Coming back to Queiros, he was a person who took the Brahmi script of the Sinhalese inscriptions to be Greek (Temporal and Spiritual conquest of Ceylon, book 1, page60). However, when he writes ‘These terms (written) in the Portuguese and the Chingala languages, were signed and authenticated’, he is not utilizing his linguistic deciphering skills; but rather describing the event (the pact) in ‘our language-their language’ terms, and their language had been set to Chingala by default, because that was Queiros’ perception.
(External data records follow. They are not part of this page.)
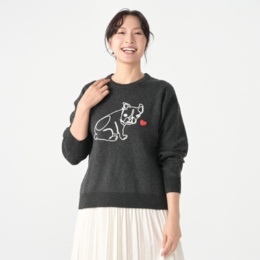 Coeur sucre チェーン刺繍キュートドッグニットプルオーバー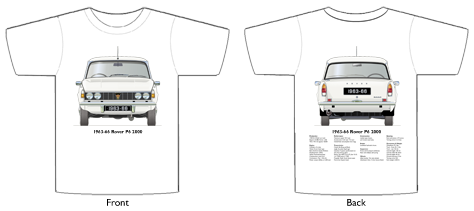 Rover P6 2000 1963-66 T-shirt Front & Back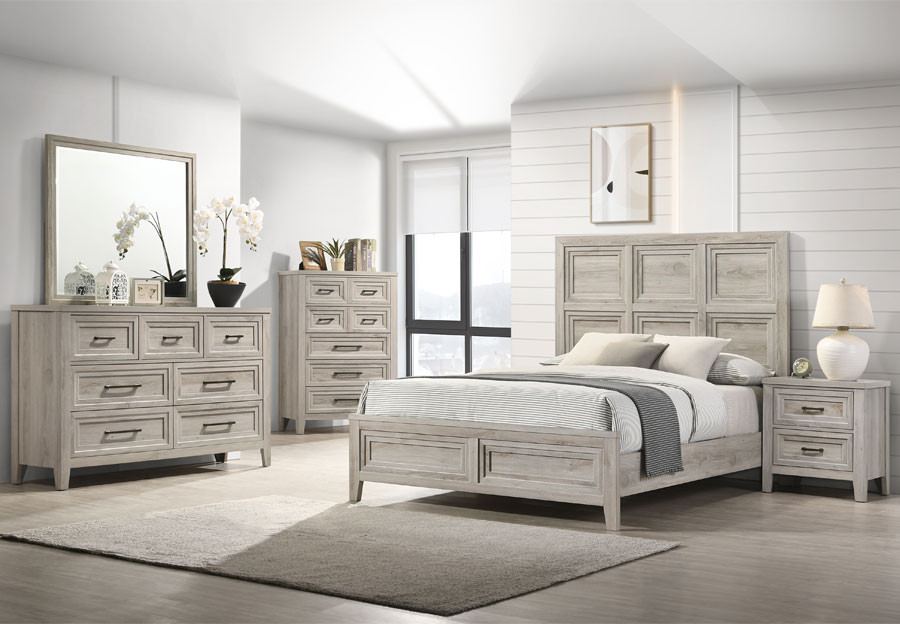 Lifestyle Seabrook Grey Twin Bed with Dresser and Mirror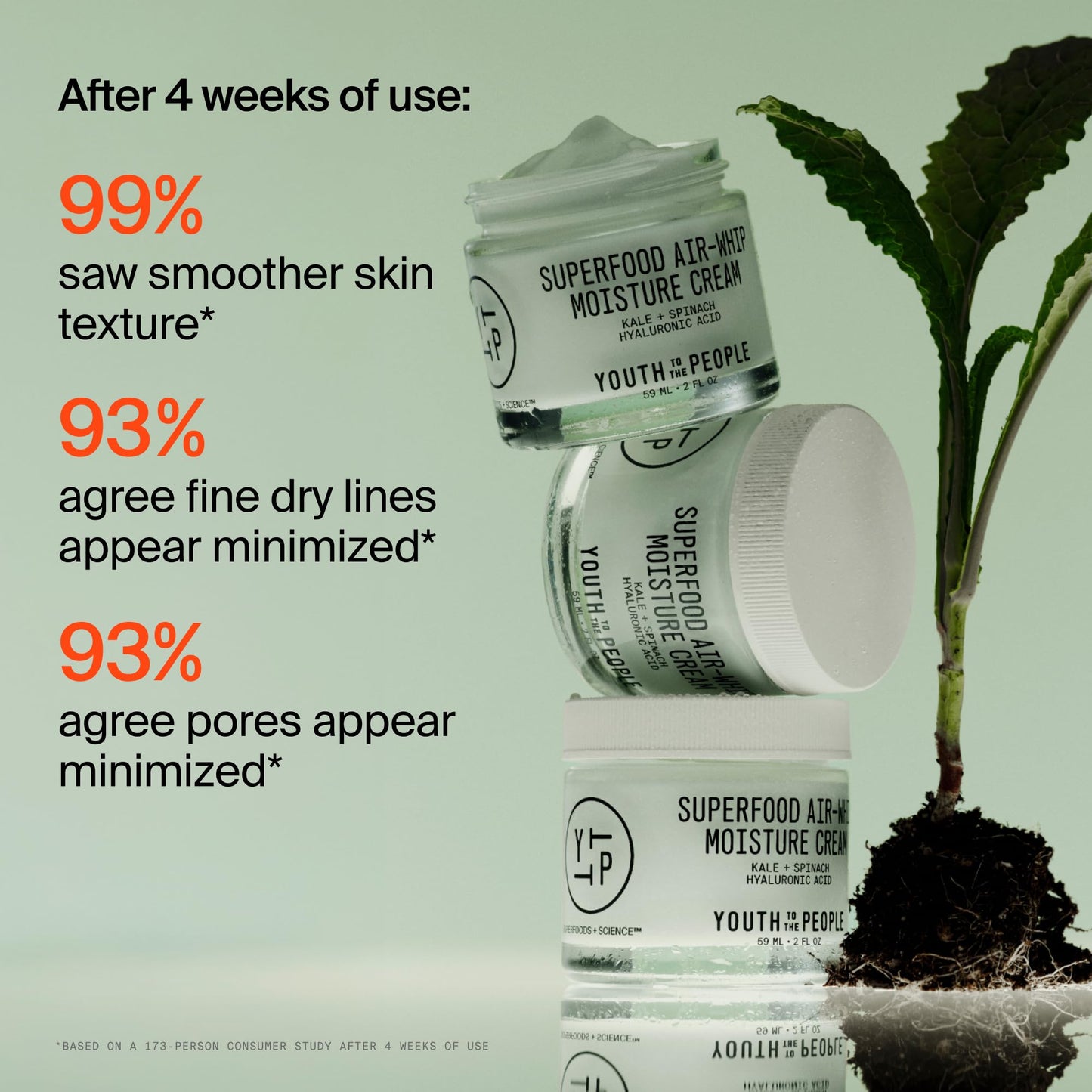 Youth To The People Superfood Air-Whip Moisture Cream Full Size - Kale + Green Tea Hyaluronic Acid Face Moisturizer, Smooths + Hydrates Up to 48HR with Dewy Glow, Non-Greasy Lightweight Gel - 2 fl oz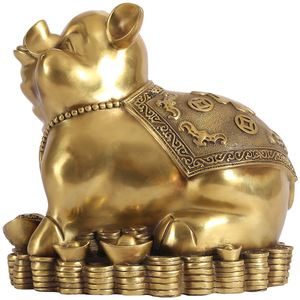 Copper World Brass Pig Figurine Large Size Handmade Home Decoration Living Room <b>Ornament</b> Gift - Product Image 4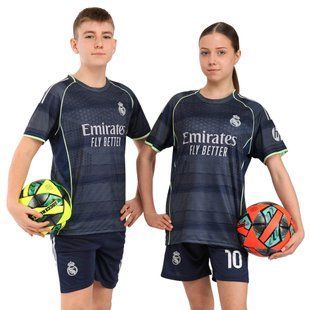 Форма футбольная детская с символикой футбольного клуба REAL MADRID MBAPPE 10 гостевая 2026 Zelart CO-7340 размер 20, рост 125-130 цвет темно-синий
However we, unlike Queiros are insiders and don’t have to be content with that default setting. Our inside information should warn us against accepting default settings when it comes to linguistic matters in medieval Sri Lanka. The many instances when the State communicated in Tamil, are too well known to need citations, and as for communications from Jaffna, the inscription in Kotagama in Kegalla District, which ‘is almost its (Jaffna Kingdom’s) only surviving relic’ (Chapter 5, Codrington’s Short history of Ceylon) is in Tamil

“Inscriptional evidence provides some interesting details on these incursions and their consequences. The Kotagama and Lahugala inscriptions refer to one Ariyan of Singai Nagar who invaded the Four Korales and that rather than confront the invader, Parakramabahu of Dedigama fled.”